Ich kann ja jeden nur dem Jemen empfehlen wenn er den ohne Frau oder mit "ohne anspruchsvolle Frau" fährt. Ist halt ein arabisches Land, aber recht sicher.

Der ganz große Strike ist dort nicht wahrscheinlich, aber unglaubliche „geile“ Thune bis ca. 50kg und Mengen um die 10-20 KG bringen den Fun. 

Es ist ein unglaubliches Erlebnis morgens um 6.00 mit 60-100 Booten der  Berufsfischer mit rauszujagen. Absoluter Wahnsin! :g 

Meiner Meinung muss man das dem Suchbeauftragten der Bundesregierung melden…
Yellowfin forever... #v 

R.R. #h


----------



## Cloud (13. August 2004)

*AW: BIG GAME im Januar 2005*



			
				Rausreißer schrieb:
			
		

> Da lese ich hier ein paar Thread`s vorher son dickes Lob für Peacement and Circumspection an Dich ollen Grouper-Zocker und dann so was… :q
> 
> Sail, ich bin mit meiner Planung beinahe schon durch, einmal Jemen und vorher noch in die Celebes See.
> 
> ...


Wieviel bezahlstn?


----------



## Rausreißer (13. August 2004)

*AW: BIG GAME im Januar 2005*

ärhm Cloud, also bitte !
Ich hoffe natürlich nix, wird aber nicht klappen :c 

R.R. #h

PS: Für den Jemen gibs aber mind. einen Reiseanbieter,
wg Werbung hier im Board solltes Du den aber selber googeln... #t


----------



## Cloud (13. August 2004)

*AW: BIG GAME im Januar 2005*

#y  #y Watn?
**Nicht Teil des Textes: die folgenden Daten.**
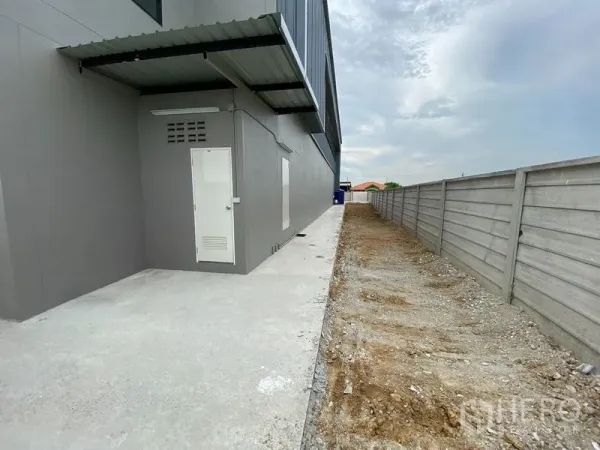 Warehouse for rent or sale in Bang Len, Nakhon Pathom - Side walkway with utility door along the warehouse and boundary wall.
Hab doch nur gefragt wieviel du bezahlt hast?
  :a


----------



## Rausreißer (13. August 2004)

*AW: BIG GAME im Januar 2005*

Stimmt, ich habs gelesen, :q 
aber weis der Geier wer hier mitliest  #y 

Nichts für ungut,
R.R. #h


----------



## Sailfisch (13. August 2004)

*AW: BIG GAME im Januar 2005*

Der Geier weis das???  :q  :q  :q


----------



## Rausreißer (13. August 2004)

*AW: BIG GAME im Januar 2005*



> Der Geier weis das???


In den Lüften fliegt ein Geier und von unten sieht man seine Füße.

nee, aber mal im Ernst: Es bleibt im Jemen unter dem von Sailfisch genannten
Betrag, wenn man nicht unbeding ein großes Boot haben will, was meiner Meinung dem Fun-Faktor etwas entgengensteht.

Ist aber von der persönlichen Kondition und dem Komfortbedarf abhängig.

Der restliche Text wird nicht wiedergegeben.